Но воровство было настолько подлым, иногда настолько мелочным, что добивало всю картину. Там пропадало даже печенье, буквально из-под носа. Сначала я не обращал внимания, что в пачке остается все меньше, хотя я его не ел, потом уже начал это замечать.
В какой-то момент я не выдержал. Однажды я забыл шампунь в душевой. Когда вернулся, его там уже не было. И я по-настоящему разозлился. Жалко было не сам шампунь, а то, что никому вокруг нельзя было доверять, все время приходилось быть в напряжении, стеречь даже элементарные свои вещи.
Я пошел к решетке павильона, и начал со всей дури по ней стучать. Звал охрану, кричал, мол, здесь воруют, сделайте что-нибудь. Долго возмущаться не пришлось: меня быстро окликнул кто-то из камеры: смотри, вон же, на полке, твой шампунь. Понятно, что его поставили туда уже после того, как я начал кричать охранникам.
В тот же вечер меня подозвали другие заключенные. Они разбились по группам, и одна группа захотела со мной поговорить. Показали на того, с кем я ехал в автобусе, и сказали, что он у меня ворует. Мол, мы видели не раз, как он роется в твоих вещах. Я и сам знал, что он у меня ворует, и не только про сигареты. Теперь же мне это подтвердили.
Это был переломный момент. Тогда я понял, что у меня уже не получится делать вид, будто ничего не заметил и спускать все на тормозах. Нужно было показать, что со мной так нельзя, моего миролюбия он явно не понимал, наверное, считал это трусостью. Этой же ночью я выждал момент, когда он встанет с койки, и отправился за ним.
Мы вошли в туалет. Там я его схватил, сделал удушающий прием и начал методично бить по печени. У меня не было цели его покалечить. Но и оставлять синяков я не хотел. Вокруг входа в туалет быстро собрались другие заключенные, которые просто стояли и смотрели на то, что происходит. Даже не говорили ничего.
Все это заметили тюремные охранники, которые следили за павильоном через камеру наблюдения. Они не могли увидеть меня и вора, но столпотворение возле входа в туалет их насторожило. Уже через несколько минут они прибежали, размахивая металлическими дубинками, громко выкрикивая: «Ке паса?»

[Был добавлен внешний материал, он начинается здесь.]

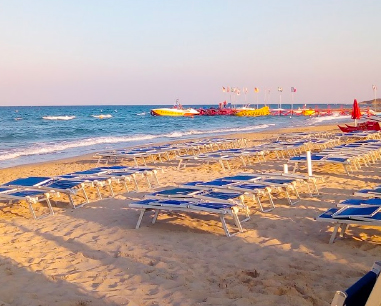 Salentissimo.it: Spiaggia Azzurra -  Alimini - Otranto, spiagge del Salento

Удивительно, но все заключенные повели себя по понятиям. Они не показали пальцем на меня, как на следствие, и не сказали: «он его бьет». Они показали пальцем на него, как на причину, и сказали: «он вор». Охранники скрутили его и быстро увели. Больше я его в этом павильоне никогда не видел.
После того, как охрана ушла, ко мне подошли заключенные, человек, наверное, пятнадцать. Большинство из них говорили: «молодец», и всячески выражали уважение. А один искренне благодарил. Он рассказал, что сам из бедной семьи, и ему не могут много передавать, а тот чувак украл у него одежду. Сказал: «спасибо, что отомстил за нас».
Тогда я подумал, что на этом все и закончилось. Зло наказано, добро победило, можно немного расслабиться. Мне даже физически будто стало немного легче, будто ушло это вечное напряжение. Но эта надежда оказалась иллюзией. Дальше всё только усугубилось.